Actually, I wouldn’t have known she was pregnant except for Otah, the owner of the place. I happened to be talking gadgets with him, as usual, when I spotted her. “Hmmm. Cute. Never saw her around here before.”
“You stay away from that one,” Otah warned gravely. “She’s with child.”
I frowned. “First time I’ve heard that here. I was beginning to wonder how any of the natives came about. But what’s the taboo?”
“Pregnant. Don’t you know? It’s not a condition, it’s a Class II occupation.”
Well, there it was at last. “It’s a job? She makes a living having babies?”
He nodded. “Hell of a tiling, ain’t it? There’s a whole colony of them down off Akeba. There’s some that love it, but most of ’em would kill to switch bodies outta there. Once you’re that, you’re that. Best to keep ’em on a business basis only.”

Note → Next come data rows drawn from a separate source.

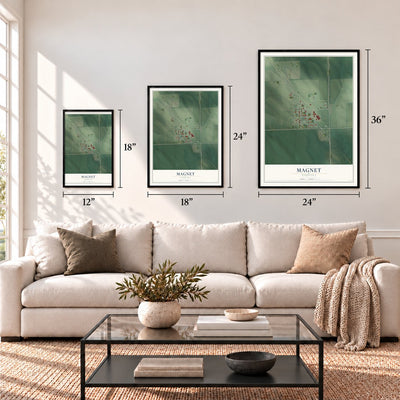 Magnet, Nebraska map in 12 x 18, 18 x 24 and 24 x 36 inch sizes above a sofa
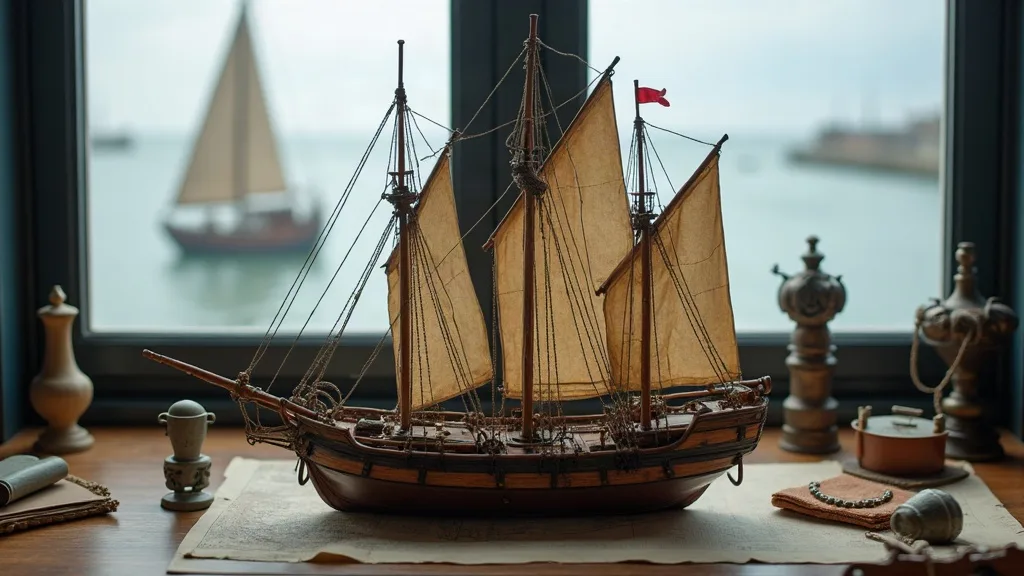Maquette de jonque à trois mâts posée sur une carte marine, devant une fenêtre ouvrant sur le port.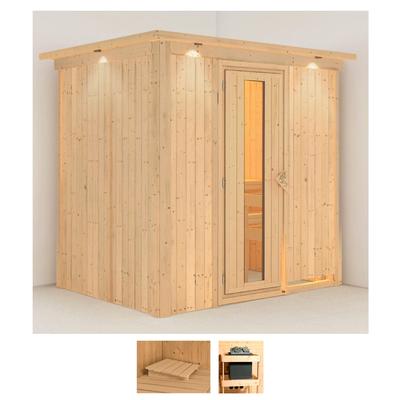 Sauna KARIBU "Finja", beige (naturbelassen), ohne Ofen, (ohne Ofen), Saunen, ohne Ofen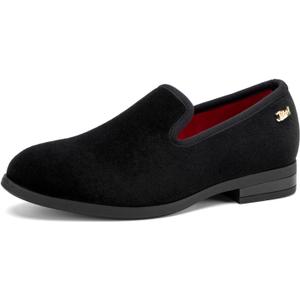 JITAI Velvet Boy's Loafers Slip-On Dress Shoes Wedding Formal Tuxedo Shoes for Boys, Black/17, 2 US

I had to chuckle. “What do they do? Steal your soul?”
He looked stricken. “Don’t say that. Some of ’em’s desperate enough to do most anything.”
I couldn’t help but chuckle at his caution and wonder just what could be so horrible. I did sort of wonder about the whole idea, though. Cloning was certainly within the allowable technology, if they wanted to spend the massive setup costs. Instead they seemed to have opted to take a percentage of young women, probably selected for genetic characteristics, and paid them to have kids. It seemed to me that, except for the birth itself, the major problem would be boredom—or perhaps being harried to death with a nursery full.
Certainly I’d never heard of motherhood being something horrible. On some, of the more primitive frontier worlds it was something of an occupation and had been since the dawn of time. This was a piece of the social puzzle I had wanted to fill in, and here was the opportunity.
In order not to alarm Otah, I didn’t approach her in the shop, but surreptitiously followed her when she left. After some window-shopping, she went to a sidewalk cafe and sat down at one of the outside tables, apparently enjoying the sun and salt spray. I allowed her to order, then casually walked up and into the cafe patio, and stopped as if seeing her for the first time.